Sin embargo, Vladimir
Arnold, fallecido en París, a los 72 años, rompió esos y otros muchos moldes a
lo largo de su dilatada carrera. Brillante exponente de la mejor escuela
soviética, combinó siempre un inusual buen humor con el mayor rigor analítico y
un estilo fluido y accesible. Con apenas 19 años sorprendió a la comunidad
internacional al resolver el 13º problema de Hilbert, uno de los célebres
desafíos que el alemán David Hilbert lanzó en 1900; una hazaña que le abrió las puertas
académicas de toda Europa.
En realidad, que un matemático consiga sus mayores
logros a edad temprana no es extraño. Durante siglos, los grandes genios
registraron sus avances más notables incluso antes de los 20 años. Casos como
los del noruego Niels Henrik Abel o el francés Évariste Galois, fallecidos con
22 y 28 años, son quizás los casos más conocidos.

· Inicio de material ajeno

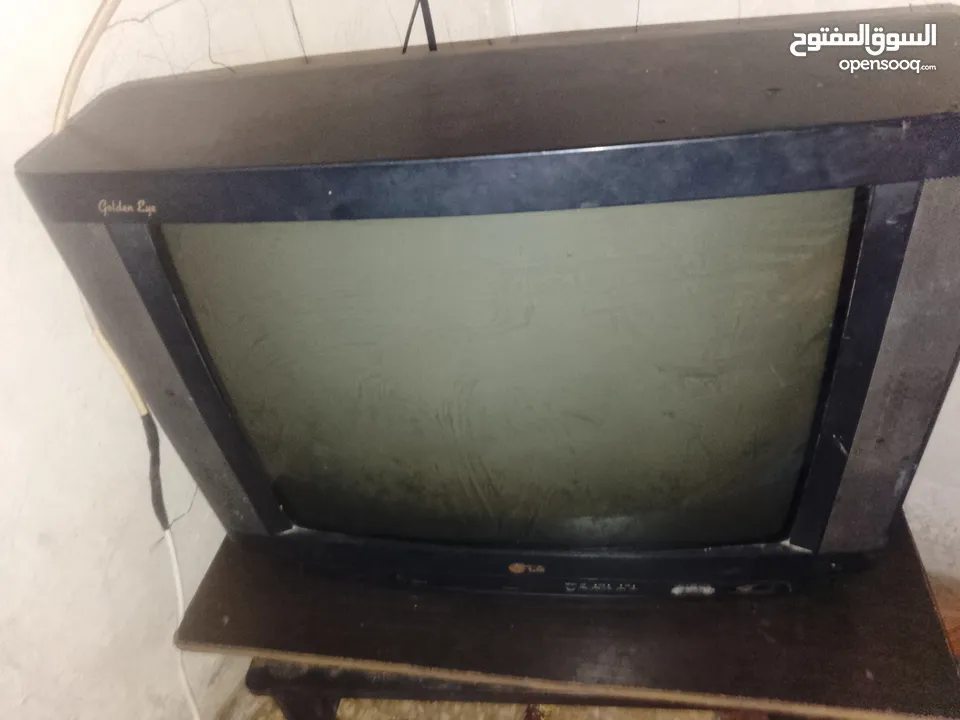 تلفزيون عادي 48 انش نضيف غير مصلح نوع LG معه رسيفر جديد كرتونتو موجوده مع ريموند لرسيفر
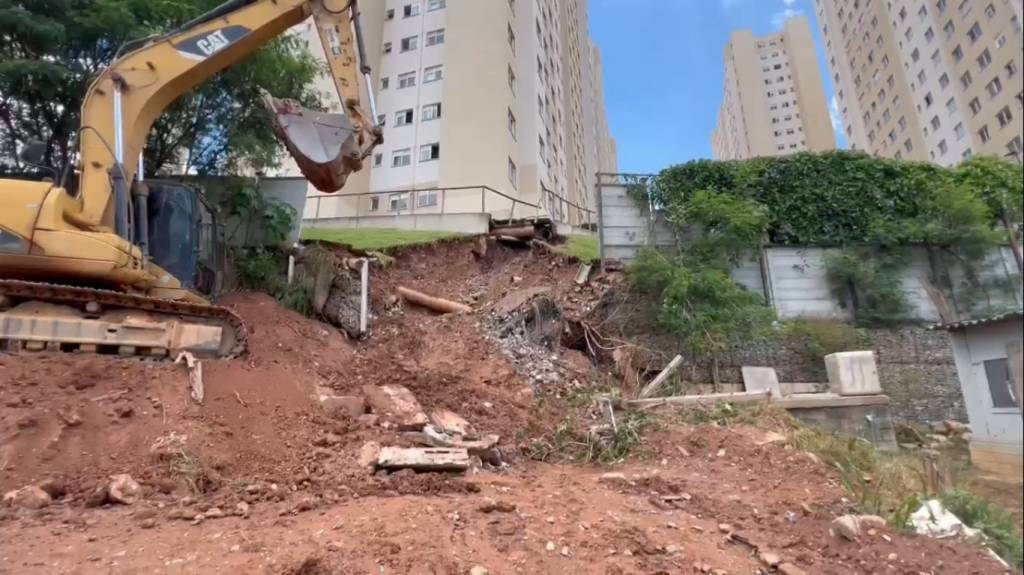 Defesa Civil interdita cinco casas no Capão Redondo após muro desabar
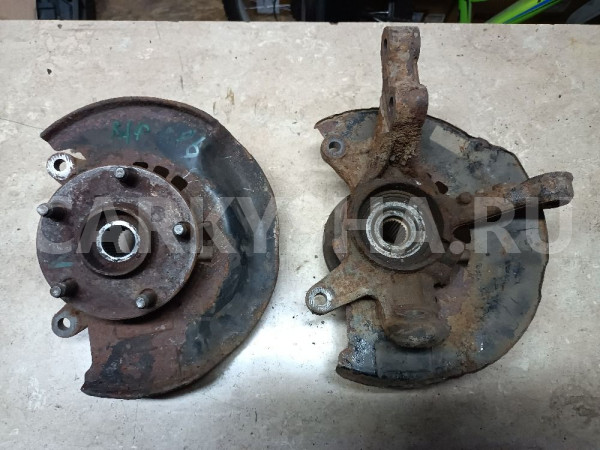 Кулак поворотный передний правый Тойота Rav 20 Toyota RAV 4 оригинальный номер 4321142070
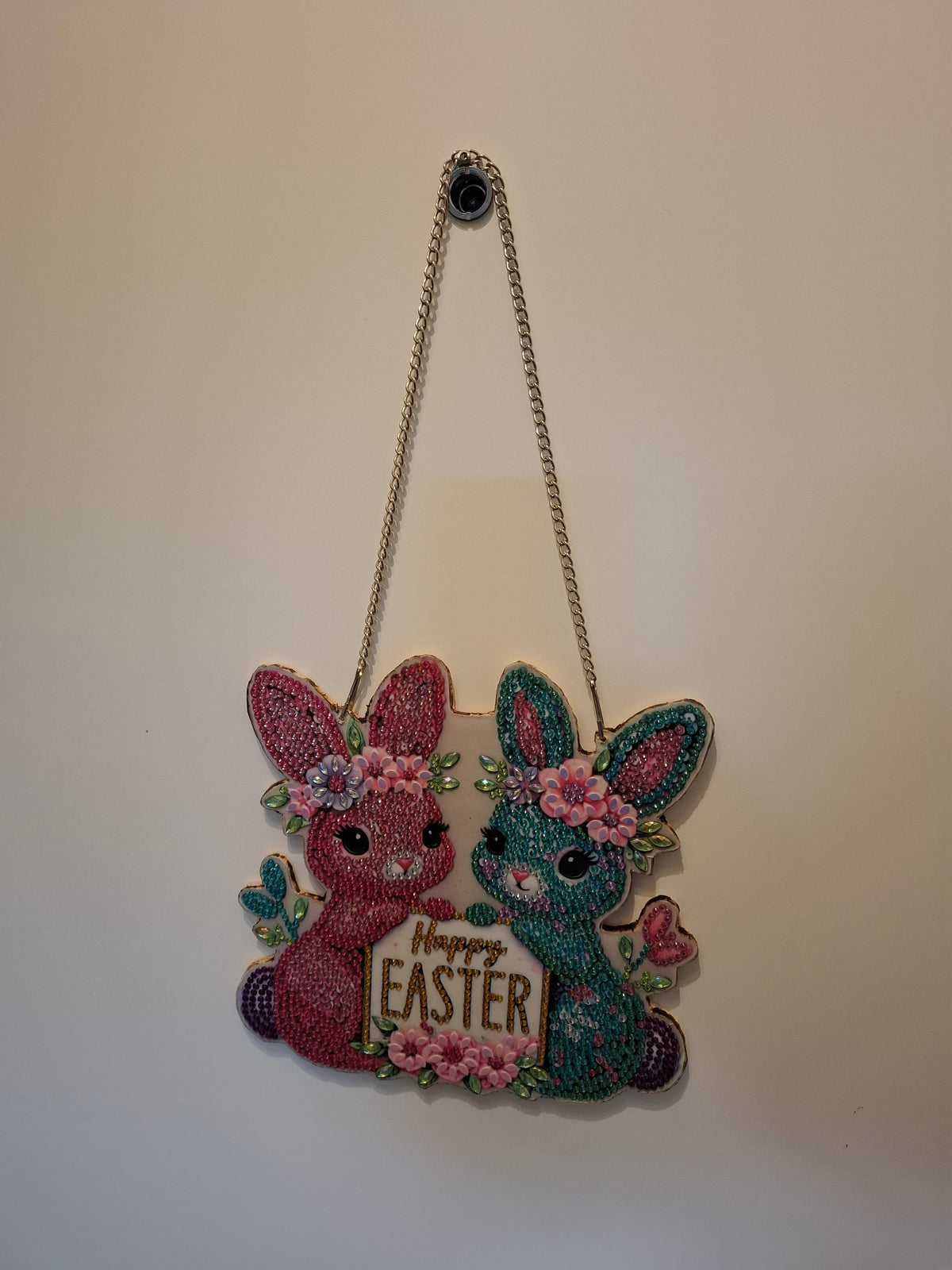 Oster-Türhänger „Happy Easter“ – Glitzerndes Diamond Painting Holzschild mit Osterhasen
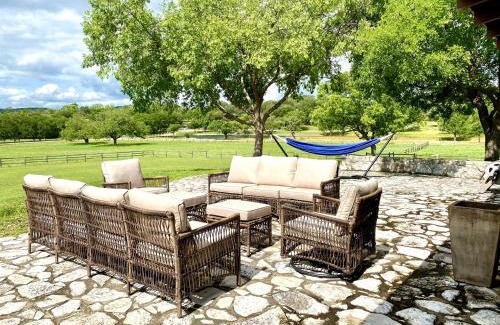 Ingram Casa | Beautiful Lakeside Rental with Hot-Tub in Igram, Texas, Perfect for Family Glamping Trips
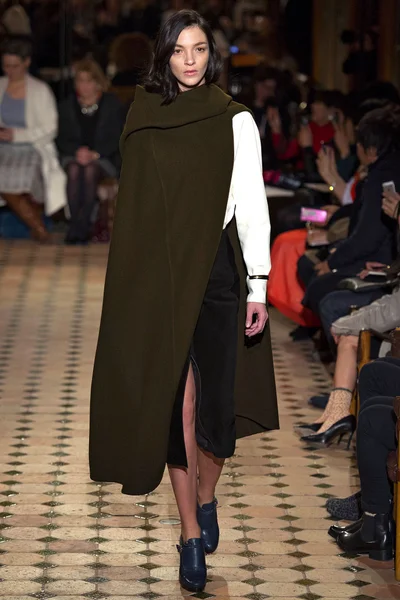 Look 1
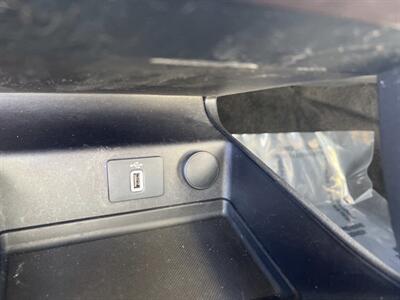 2018 Ford Fusion Hybrid Titanium   - Photo 37 - Winston Salem, NC 27106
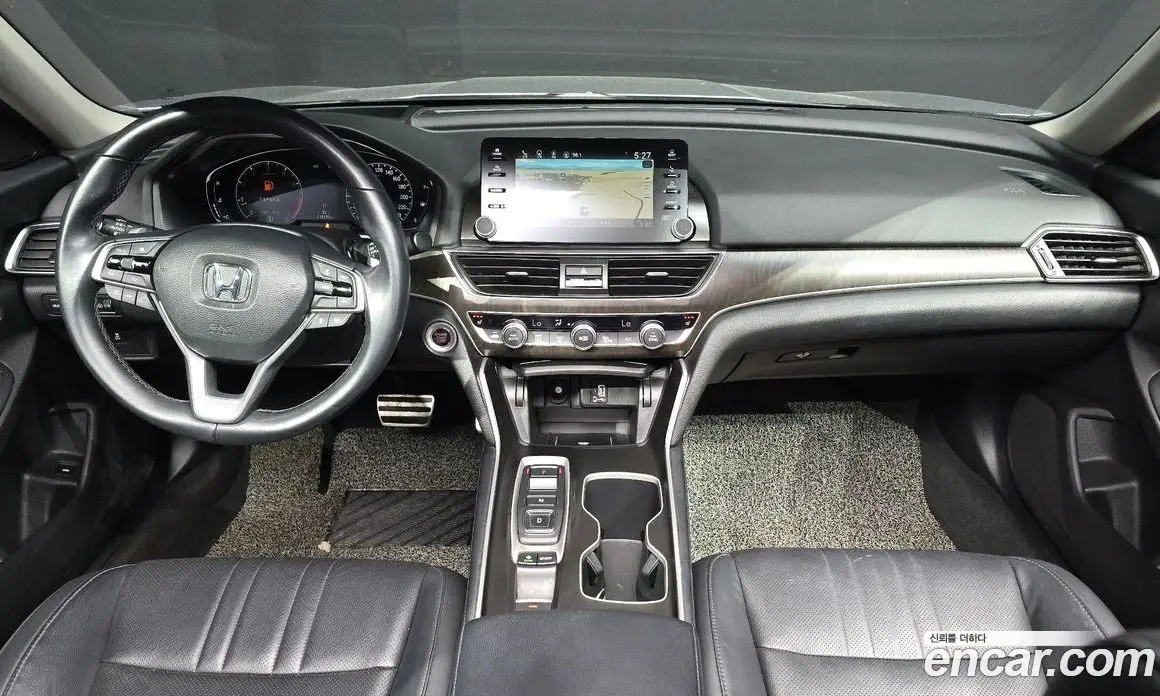 Honda Accord 2018 2.0 автомат (гидро), фото 10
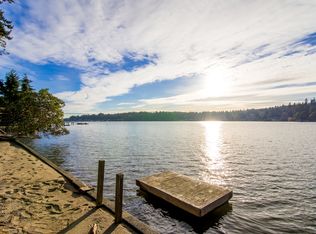 21305 Indianola Rd NE, Poulsbo, WA 98370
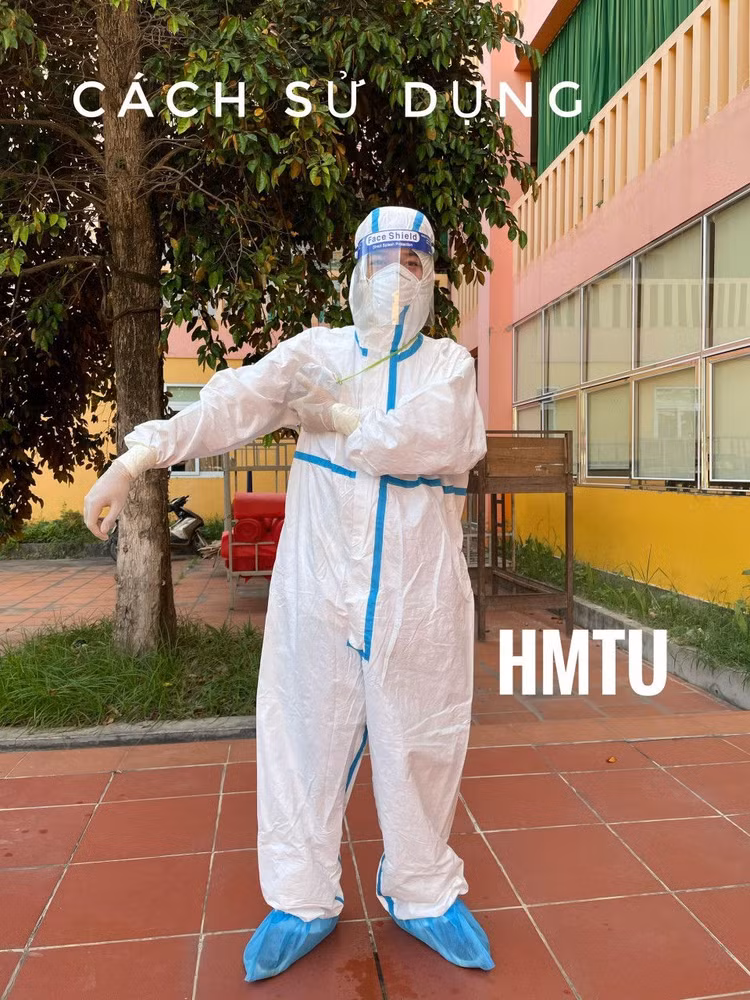 Lý do đội lấy mẫu tâm dịch Bắc Giang đeo túi đá trên người suốt ngày đêm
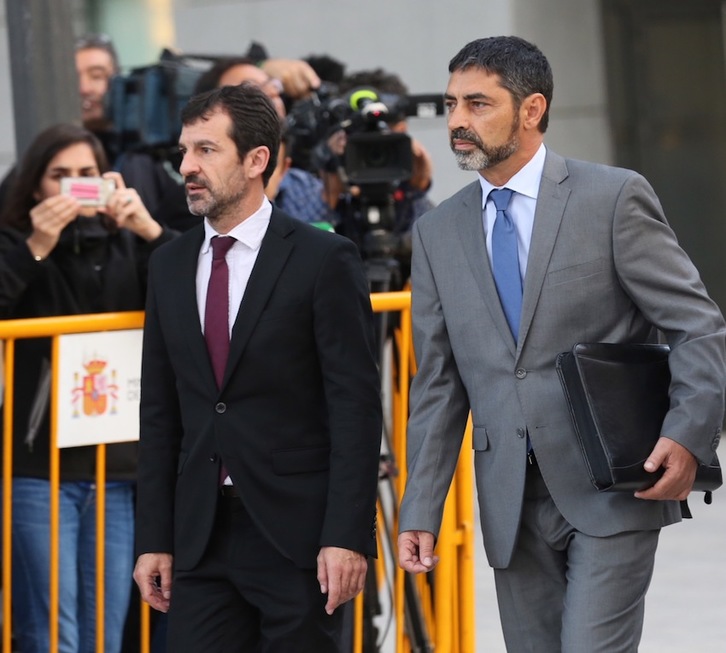El mayor de los Mossos, Josep Lluis Trapero (derecha), a su llegada a la Audiencia Nacional. (J. DANAE/ARGAZKI PRESS)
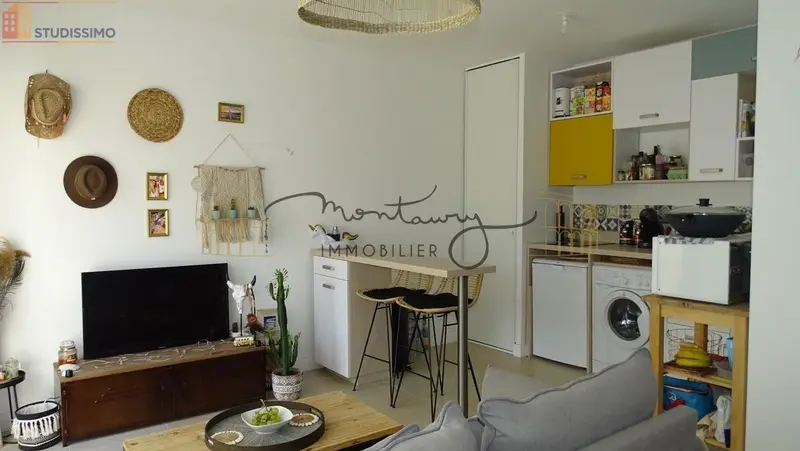Studio 30m² Nîmes centre - DPE A, 2e étage - Photo 4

Arnold nació en Odessa (ahora Ucrania) el
12
de junio de 1937. Su idilio con las matemáticas
empezó a los cinco o seis años, cuando descubrió que podía pasar tardes enteras
peleando con los pequeños problemas y acertijos que sus maestros y sus padres
le ponían. De adulto, recordaba con cariño la infancia, época en la que, para
él, la mente de todo niño «no se ha echado a perder por el entrenamiento
matemático formal de las universidades». Siendo adolescente ingresó en la Universidad
de Moscú para estudiar bajo la tutela de personalidades como Petrovskii,
Kolmogorov o Rokhlin. Eran los años
dorados de las matemáticas rusas. «Cuando
estudié en el Mechmat, la constelación de grandes matemáticos en el mismo departamento
era realmente excepcional. Nunca he visto nada igual en ningún otro sitio», afirmó
años después. El ambiente era sorprendentemente libre y sugestivo para la época
y el lugar. Las ideas estaban en el aire y las pizarras y cualquiera podía sentirlas.
«Era casi imposible entender algo de lo que decía Kolmogorov, pero sus clases
estaban cargadas de ideas y eran muy gratificantes», confesó Arnold hace años
en una entrevista con S. H. Lui.
Una vez licenciado, trabajó durante las siguientes
tres décadas en la propia Universidad, antes de ingresar en el Instituto
Matemático Zeklov en 1986. Fueron años fértiles en lo profesional, pero más difíciles
en lo personal. Su permiso para viajar a congresos en el extranjero fue revocado
tras mostrar su desacuerdo con las políticas represivas del aparato del Estado.
Firmando, por ejemplo, junto a otros 99 colegas, una carta de protesta «por el encarcelamiento,
en un psiquiátrico, de un matemático soviético perfectamente sano». Con la perestroika
recuperó
la
libertad
de movimiento y fue invitado a unirse a sociedades de todo el mundo y a
participar en seminarios y congresos. Y recibió decenas de premios y
reconocimiento, incluyendo uno de la Universidad Complutense de Madrid, en 1994.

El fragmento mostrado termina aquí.